We drive by the elementary school where Chris was picked
on by a boy half his size whose strength was in his temper.
We drive out Ruger Avenue and turn onto Greendale Drive
to see our house, still green, looking across the street at the greenbelt.
We pass the old school where Chris and the Kronquist boy started a fire
and were then lectured by the fire chief.
(This was one of the many close call in Chris’s life…he is either a cat or has a mission)
The greenbelt is now a manicured park with a paved path for bikers and walkers cutting through it.
The trees are grown thick.
You can no longer see the creek that runs down its center
nor the houses on the other side.
We pull over and take a picture of the house.
Bernie estimates that the pine tree he planted in front is 25 feet.
It now hides half the house’s front window like a pirate’s eye patch.

Driving out of town, I realize that when we lived here,
I did not realize the town’s beauty.
I wonder why this is so.
Perhaps it is because we were so caught up in the lives of our children, their schooling, marriage and career building, heartaches,
our family’s all consuming involvement with the Green Beret Marching Band.
I suppose it is good if this is the reason for my lack of attention.

The evening was sweet. Debby and her husband Bill have taken over a deli in town. They have renamed it “Salami Sam’s”. We hung out there for a long while, talking about family and about their new adventure. Debby gave us a key to the house, a large pink Victorian, protected by a Schnauser as vicious as a butterfly. When we settled in, I realized I’d left all of the papers that lay on my dresser back  home with the tickets to the reunion and the phone numbers of friends I’d planned to connect with here. The remainder of the evening was spent hunting down the information as best I could.

6 thoughts on “Reunion – Day 1”

  1. Judy, I’m not from Chicago but I very much enjoyed all your descriptions and reminicenses about your family’s history in the windy city. I believe you have a great future as a writer as I am an avid reader and love a good turn of phrase or descriptions that allow me to ‘see’ what the writer would like me to see; I believe you possess this skill. I love hearing about your past as it helps me to understand Ron just a little bit better and that is one of my goals in life…to understand Ron just a little bit better…

    1. Welcome to my blog. Going to Chicago this time was more than a stroll down memory lane. There are so many holes in my memory bank that I feel like swiss cheese. This was a trip to try to fill some of these in. Going back to old places seemed to feel much different with the search being about myself.

  2. I love that drive along Hwy 35. I take it when I go from St. Paul to Lake City on scrapbooking retreats. The drive on the WI side of the river is so much prettier than driving 61 on the MN side.

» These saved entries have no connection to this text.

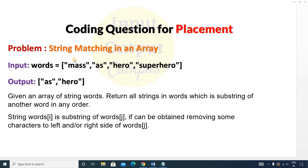The first string is 'mass' and 'mass' is not a substring of any other string. The next string is 's' and 's' is a substring of 'mass' because 's' is present inside it. Then 'hero' is a substring of 'superhero' because 'hero' is present there. So 's' and 'hero' are the substrings, and you have to return only these two strings as output.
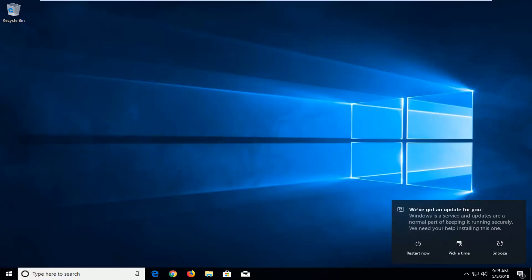Hello everyone, how are you doing? This is MD Tech here with another quick tutorial. In today's tutorial I'm going to show you guys how to download and install the latest Windows 10 Creators build.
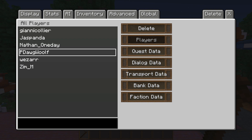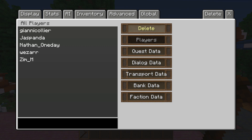That's pretty much all you need to know. It's a great way to update your players so they can redo quests. What I like to do when testing something I've already tested is go to Player Data, click on my own name, and click Delete. It'll delete all your player data so you can start fresh.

    What a bummer leaving your tickets and contact information at home. I took a cab to the airport once and realized why tickets and passport were home. Fortunately I had enough time for the cab driver to take me back home but it was a expensive cab trip.

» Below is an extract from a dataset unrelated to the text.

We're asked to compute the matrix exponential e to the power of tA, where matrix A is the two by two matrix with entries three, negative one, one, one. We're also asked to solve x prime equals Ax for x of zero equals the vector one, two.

    No white dress for First Communion! I’m glad we’re back to white dresses. I’m going to WI this weekend for my granddaughter’s First Communion. I don’t know why it’s in April, it should be in May.

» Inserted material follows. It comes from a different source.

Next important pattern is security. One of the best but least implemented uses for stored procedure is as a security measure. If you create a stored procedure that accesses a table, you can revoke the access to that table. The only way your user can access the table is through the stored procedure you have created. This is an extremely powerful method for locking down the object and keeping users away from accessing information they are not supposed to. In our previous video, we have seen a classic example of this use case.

    Have fun at your reunion.

  3. I live in WI. I have been to many of the places you are talking about. Funny to see it through other’s eyes.

  4. I remember many of these things. For the record, Timmy threatened to beat me up if I didn’t light the janitor mop on fire. I cannot remember the fire chief, but I suspect he was a kind man. And that pine tree: Dad and I planted it together. I remember well.